Avec un sujet pareil, on se doute que L'étoffe des héros va jouer la carte du patriotisme. Sauf que, oui et non. Car le patriotisme du film est parasité d'emblée. Par le contrepoint formé par les femmes des pilotes, en premier lieu. Leurs peurs et la manière dont elles vivent les exploits de leurs maris font apparaître les vantardises de ces derniers comme des caprices d'enfants gâtés. Par les hommes politiques, dont un vice-président pas loin d'un Donald Trump en terme de représentation, en second lieu. Sans parler des scientifiques qui prennent les pilotes pour des cobayes, eux ou des singes, c'est du pareil au même. Et de la presse, très agressive, dont un plan saisissant les montre cassant barrières et vitres pour accéder aux femmes qu'ils veulent à tout prix interviewer, comme s'ils étaient une horde de zombies.
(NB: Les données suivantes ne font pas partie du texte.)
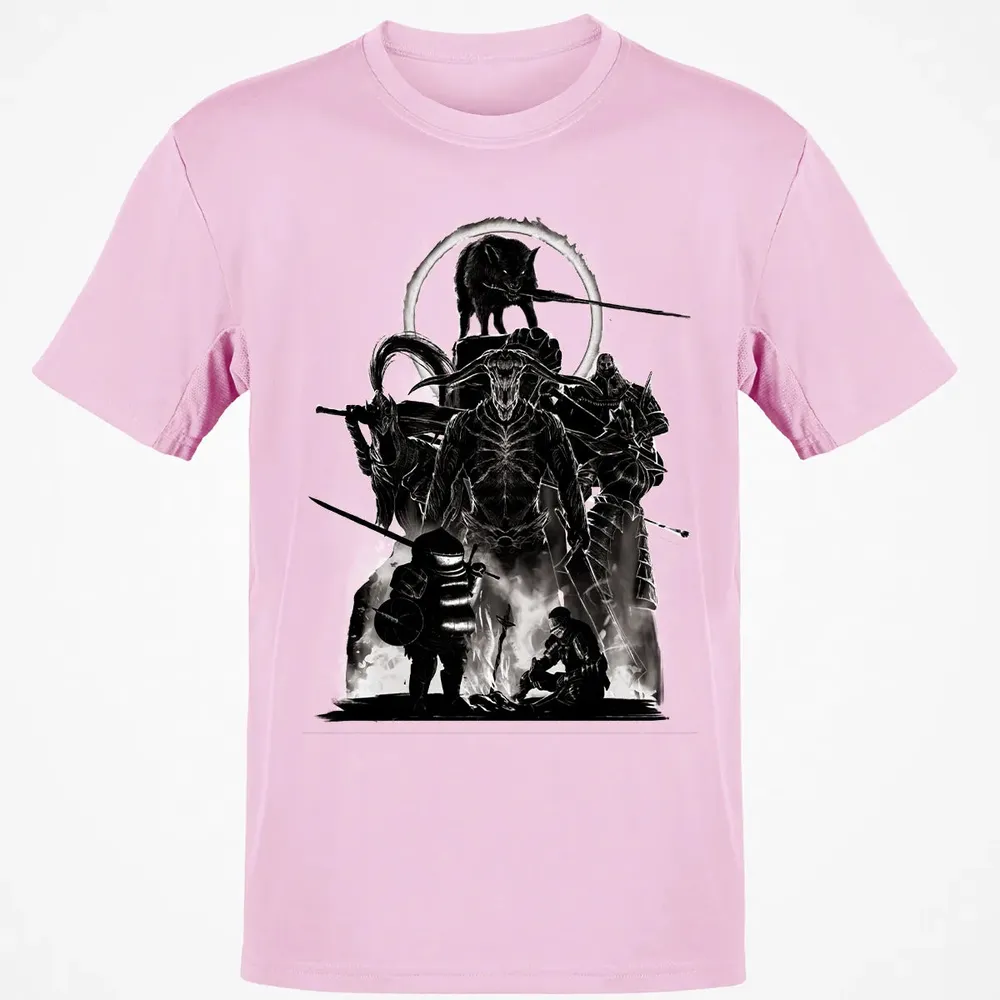 Firelink Shrine Classic Unisex T-Shirt - 6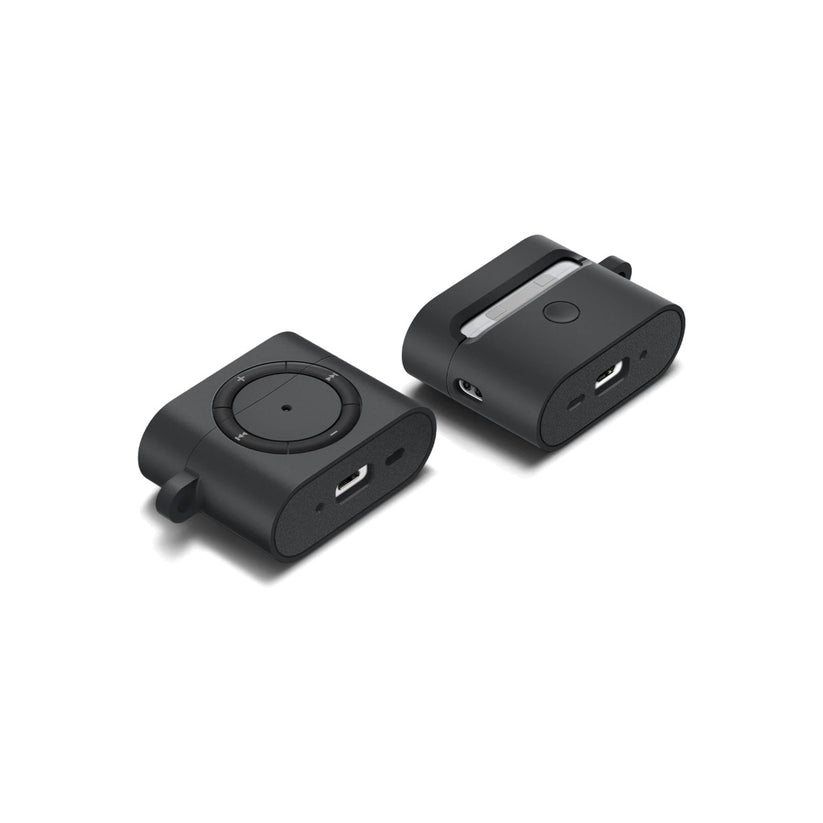 Obal pro AirPods Pro 2. gen Spigen Classic Shuffle - šedý - bonami.click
Avec tout ça, L'étoffe des héros s'avère parfois très drôle. Corrosif, même. Là où il n'a plus aucun recul, c'est sur les pionniers. Ce film est une ode à la gloire des pionniers. Nous verrons d'ailleurs l'un d'eux à cheval dans les étendues désertiques, marquant la parenté d'avec la conquête de l'ouest. Ils sont les héros sans peur et sans reproche. Sauf leur attitude égoïste envers leurs femmes. On l'a dit. Il y avait de quoi mettre à mal le virilisme, c'est en germe. Mais ce n'est pas assez creusé, et complètement évacué dans la dernière partie. La dernière heure est hagiographique. Et puis, un plan qui se déroule sans accrocs... Si cette dernière heure avait été différente, le film aurait été grandiose. Dommage.
Reste que, pendant deux heures, par son originalité et son discours plus ambivalent qu'il n'y paraît, L'étoffe des héros passionne. Ce qui n'est pas rien.